By failing to be objective, he points out in an interview with Media Matters, the pundits have abandoned journalism entirely.

There’s no question that the people like the right wing pundits — left wing too, to a degree, but they are dwarfed by the right wing — have done a lot of damage to this country in my opinion, I don’t consider that journalism, I consider that to be advocacy.

… it’s more catering to what will draw an audience rather than what is important … if anything it’s the shift toward what has been thought of as the local television model, anything that will attract a crowd, but not necessarily invested in issues and in policy questions and in political debates and things that are of genuine importance.

I think it’s gotten worse, I guess because it’s gotten so much faster. All of the inherent weaknesses of a human enterprise like journalism are exaggerated and amplified by the speed of technology, being careless and being wrong and jumping to conclusions and not doing your homework, those were all there before the web, but the web makes them all realized quickly.

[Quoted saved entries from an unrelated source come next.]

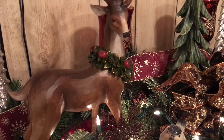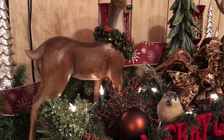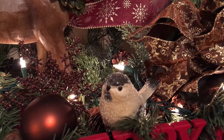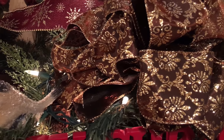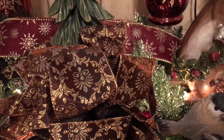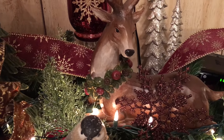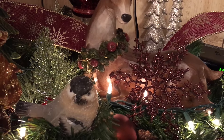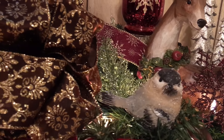I'm going to turn the camera around and give you a better look at what I've done.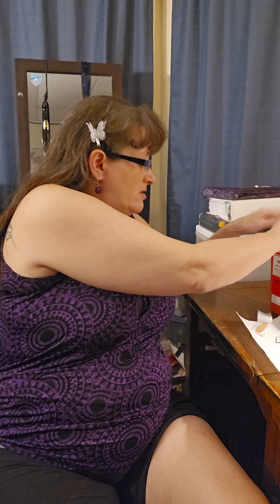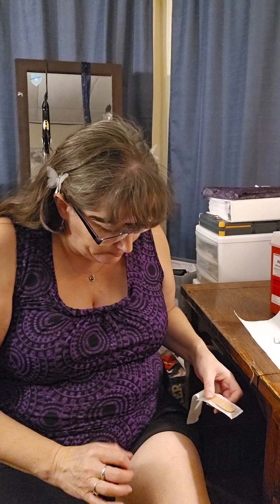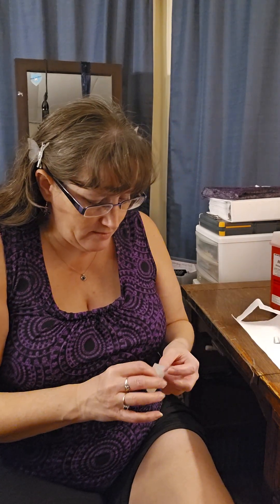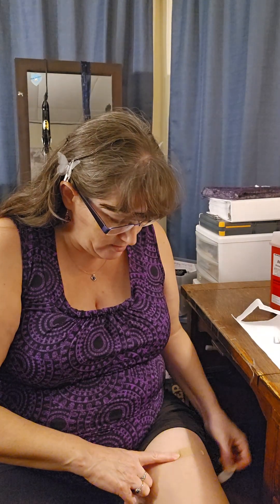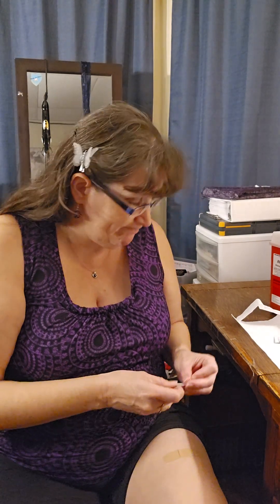It's out in the sharps. Dupixent stings like a son of a bitch. Ouch. This is not the right band-aid but whatever. Let's hope it works better than last time — I misfired it really bad. Thanks.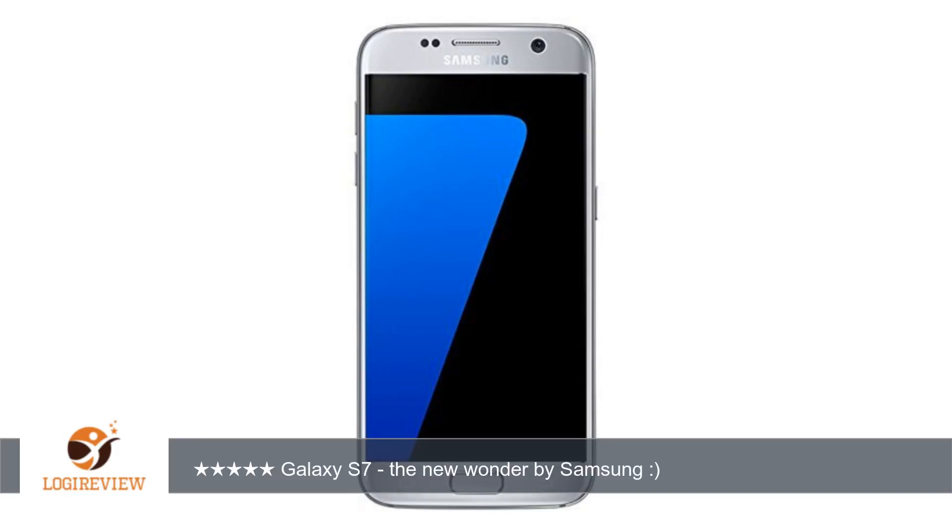Out of black, white, gold, and silver I chose the gold one. No doubt Samsung has again shown its creativity in its new launch, the Galaxy S7.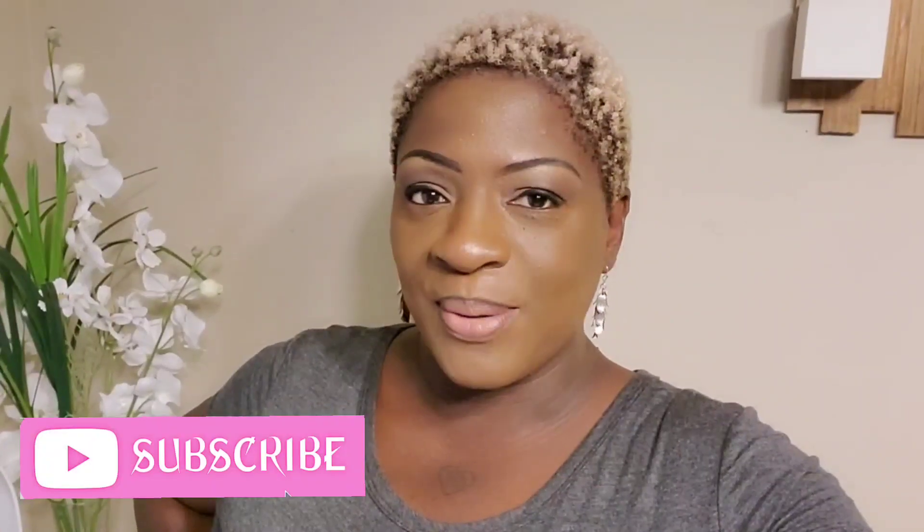Hello, thank you so much for clicking on my video. Welcome to my channel, Lovely Moments Creating. If you are new here, consider joining the family by hitting that subscribe button and remember that notification bell so you'll be reminded when I upload a video. My name is Jenny and on this channel I create budget-friendly home decor that's easy to do.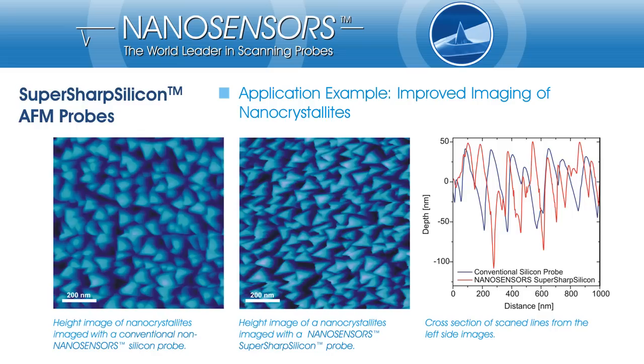Here we can see two high-resolution images of the same nanocrystallite sample — once imaged with a standard silicon probe on the left side and a NanoSensors SuperSharp Silicon probe in the middle. The two AFM images have the same height scaling. It can be seen easily that the nanocrystallites appear much sharper on the right-hand side AFM image, and the topography is more distinctive than on the left image. Looking at the cross-section view of scanned lines, it can be seen that the edges and ridges of the nanocrystallites imaged with a SuperSharp Silicon tip have by far smaller edge radius compared to a conventional silicon probe.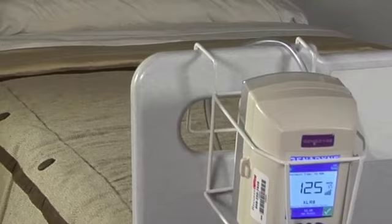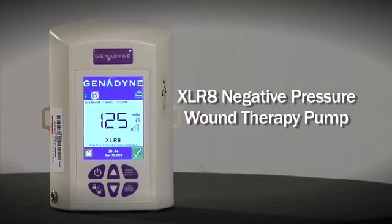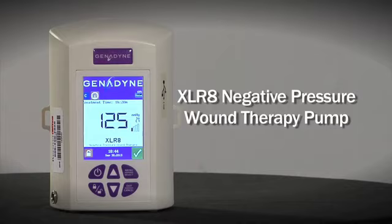The Accelerate Negative Pressure Pump provides effective negative pressure therapy for both bedside and ambulatory applications when negative pressure therapy is chosen to speed wound healing for your patient. Genodyne provides 24-hour, 7-day-a-week clinical support.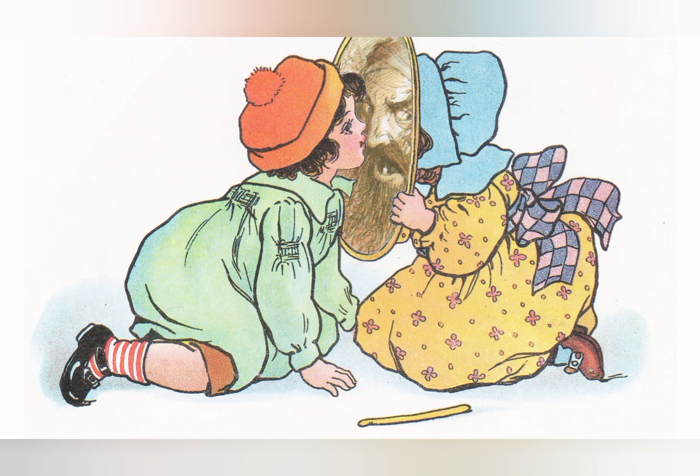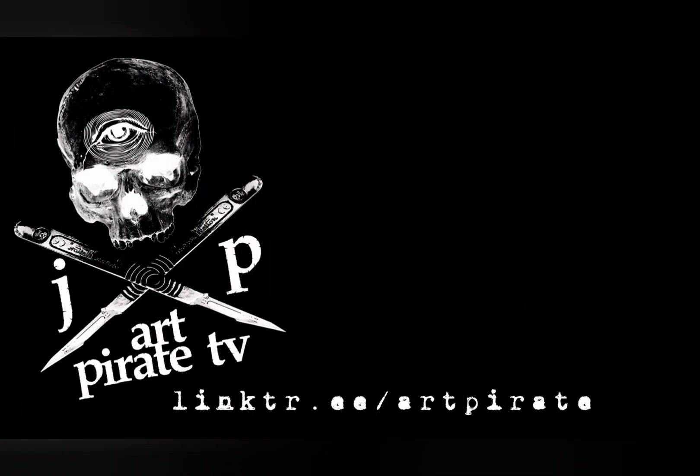Remember to like, share, comment, and subscribe. You can also support me on Patreon — the link is in the description. Thank you.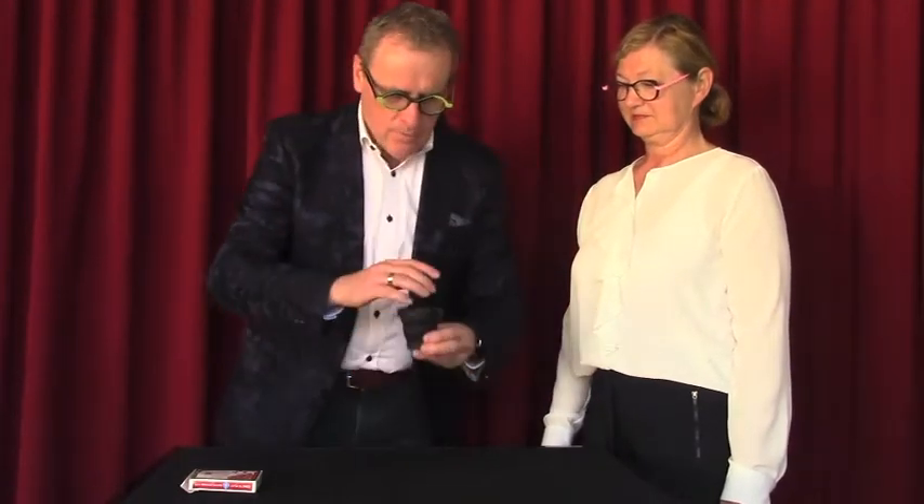I want to show you a trick with the die. It's a little game — you tell me when I shuffle with the die, whether all the die is in the cup or in my pocket. Are you ready?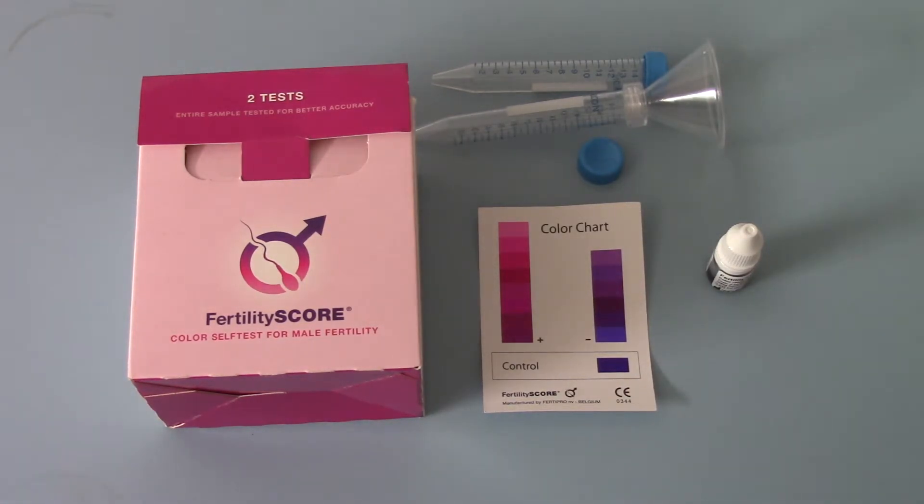FertilityScore is one of the first and only products onto the home testing market which allows you to test both the actual numbers and the motility of sperm in the convenience of your own home. The advantage of testing motility is that sperm, if they aren't motile, may be there but they're of no actual advantage in terms of conception if the motility is not good. So by screening both the number and the motility you get a very good indication of the overall fertility of the sample being tested.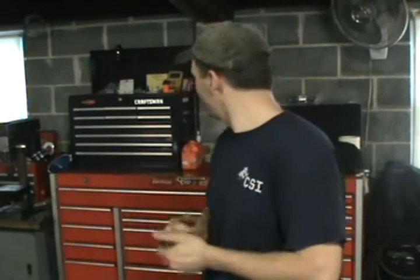Hey guys, Will Robinson here from Robinson's Auto. I hope you guys are having a good weekend. It's a Saturday afternoon here, the weather is beautiful today. I was in here cleaning up some tools and decided to make a little short clip for you on some soldering.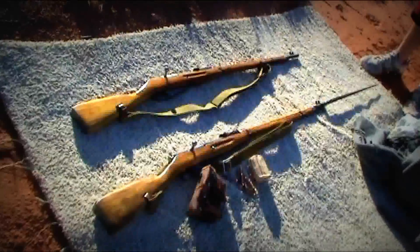What's up guys? This week on Gun Brothers we're going to be doing a review on the 7.62x54R Mosin-Nagant.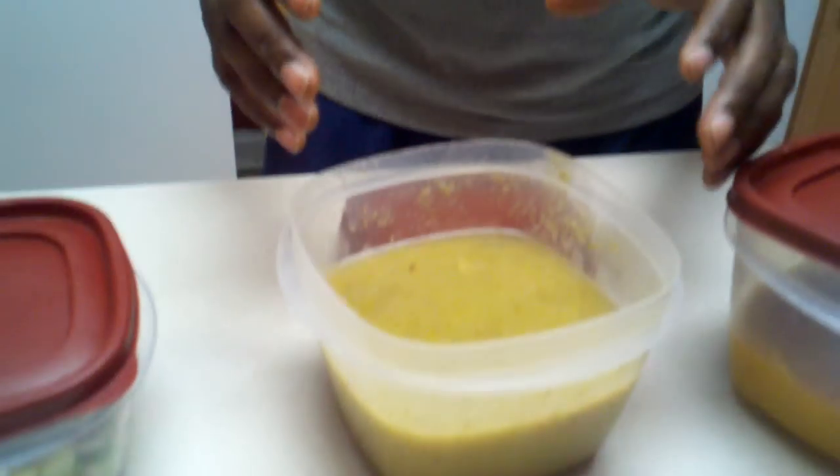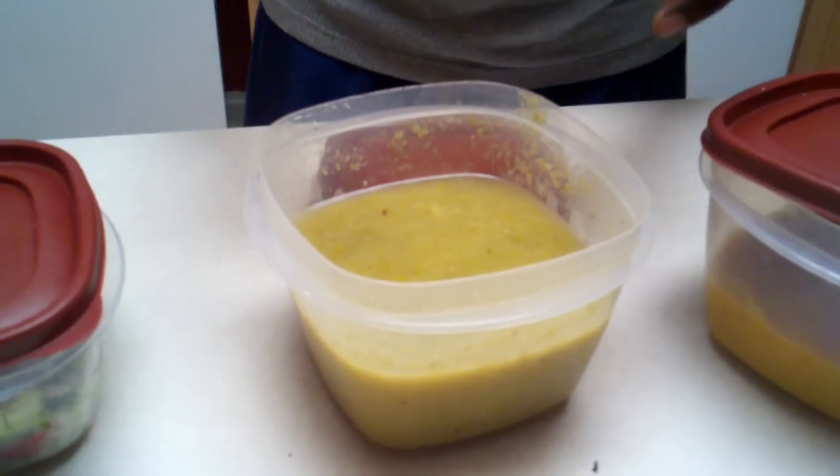Now with Beachbody, especially with P90X and their particular nutritional guide, they have a lot of really great recipes. Two of which I tried yesterday — this first bowl here doesn't look tasty on tape, but trust me it's very very good. If you like asparagus, you'll love this particular soup. It's very easy to make, and in my next video I'll probably go through the process so you see exactly what the recipe is about.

The technology of course has changed everything, the thing that I hope would not change and the thing I would express as my number one concern is that the values that were imbedded in the journalism that has been traditional, I hope that they will endure and be projected in this new media world. I think that is essential to there being credibility that will keep genuine news a force for good.

There is a place for advocacy, for lacking objectivity, but news reporting and journalism are not those places. By the pursuit of quick money, of junk journalism, these media outlets who claim to be news, mostly on the right-wing but with some left-wing pundits joining them, have damaged the very system we all rely upon.

It becomes a damaging cycle. Outlets which transition to advocacy become more profitable, as marketing opportunities become easier for catering to. This in turn pushes other media outlets to turn to similar advocacy, in order to meet the increased profitability for their owners. Instead of focusing on journalistic integrity, the process becomes a race to the bottom, a failure of journalism.